> **Exercise**
Your answer must be an exact copy of the records, minus any pictures.

_ _ _ _

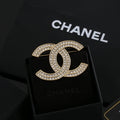 18K Chanel Diamond Brooch Yellow Gold-Colour Hardware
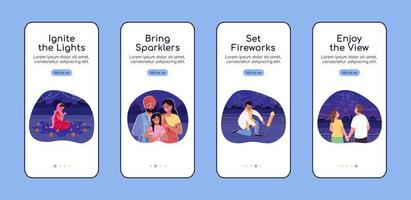modello vettoriale piatto dello schermo dell'app mobile onboarding celebrazione diwali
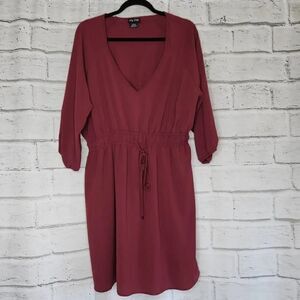City Chic Long Sleeve V Neck Elastic Waist Solid Maroon Womens Dress Size 14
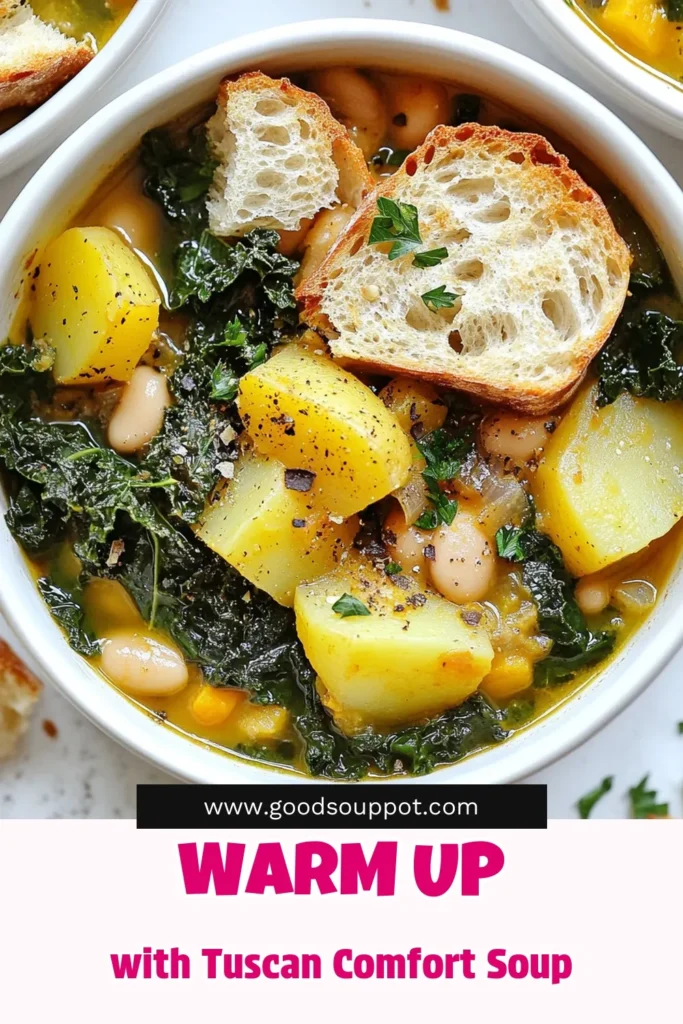 Discover the authentic Tuscan ribollita recipe that brings Italy to your kitchen! This hearty vegetable soup combines cannellini beans soup with fresh kale, potatoes, and crusty bread, creating a deliciously satisfying dish. Perfect for chilly nights, our easy ribollita cooking instructions make it simple to enjoy traditional Italian ribollita ingredients at home. Try it out today and warm your soul! #TuscanRibollita #HeartySoup #ItalianRecipes #VegetableSoup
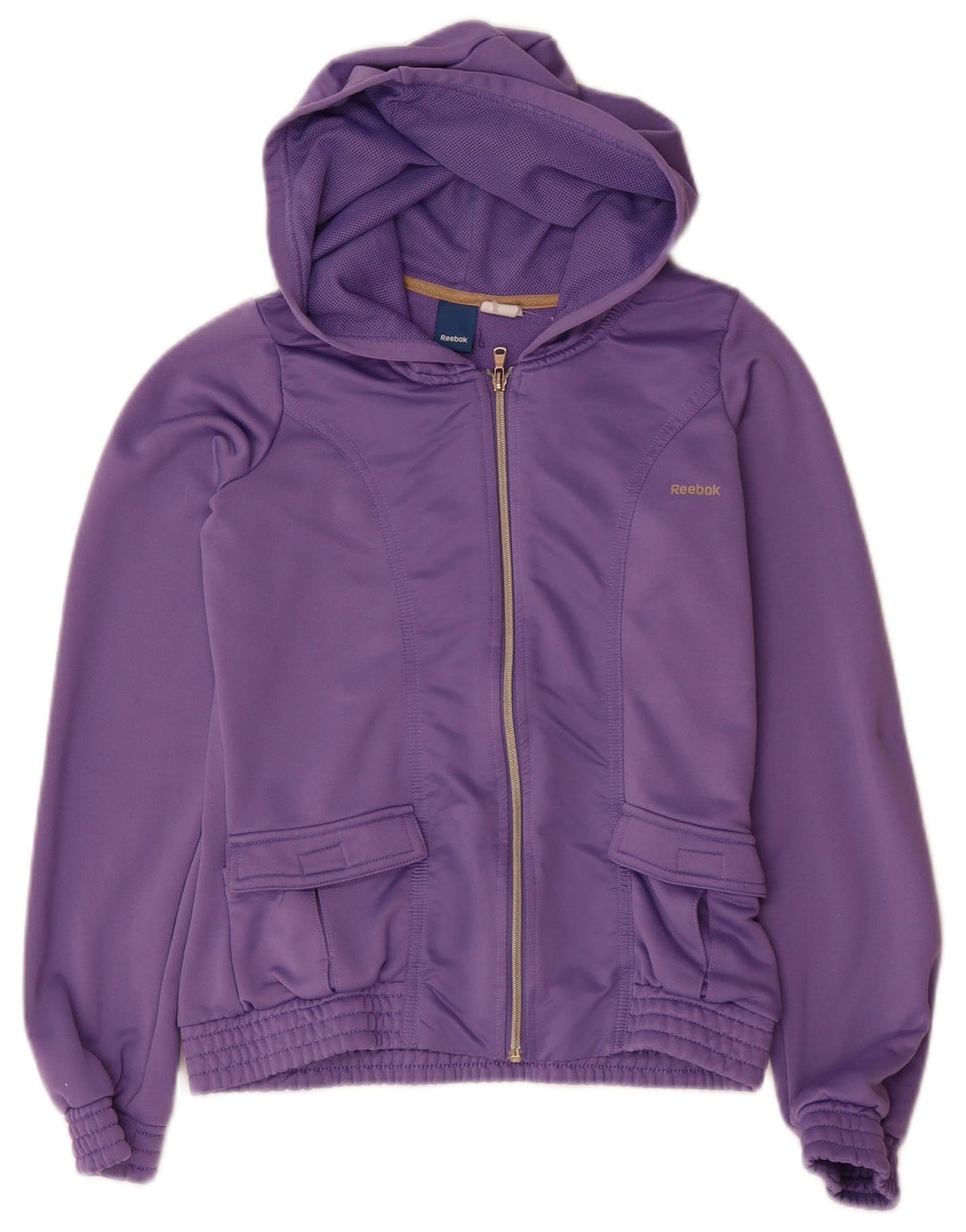 Reebok Womens Zip Hoodie Sweater UK 12 Medium Purple Polyester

_ _ _ _

> **Written response**
 18K Chanel Diamond Brooch Yellow Gold-Colour Hardware
modello vettoriale piatto dello schermo dell'app mobile onboarding celebrazione diwali
City Chic Long Sleeve V Neck Elastic Waist Solid Maroon Womens Dress Size 14
 Discover the authentic Tuscan ribollita recipe that brings Italy to your kitchen! This hearty vegetable soup combines cannellini beans soup with fresh kale, potatoes, and crusty bread, creating a deliciously satisfying dish. Perfect for chilly nights, our easy ribollita cooking instructions make it simple to enjoy traditional Italian ribollita ingredients at home. Try it out today and warm your soul! #TuscanRibollita #HeartySoup #ItalianRecipes #VegetableSoup
 Reebok Womens Zip Hoodie Sweater UK 12 Medium Purple Polyester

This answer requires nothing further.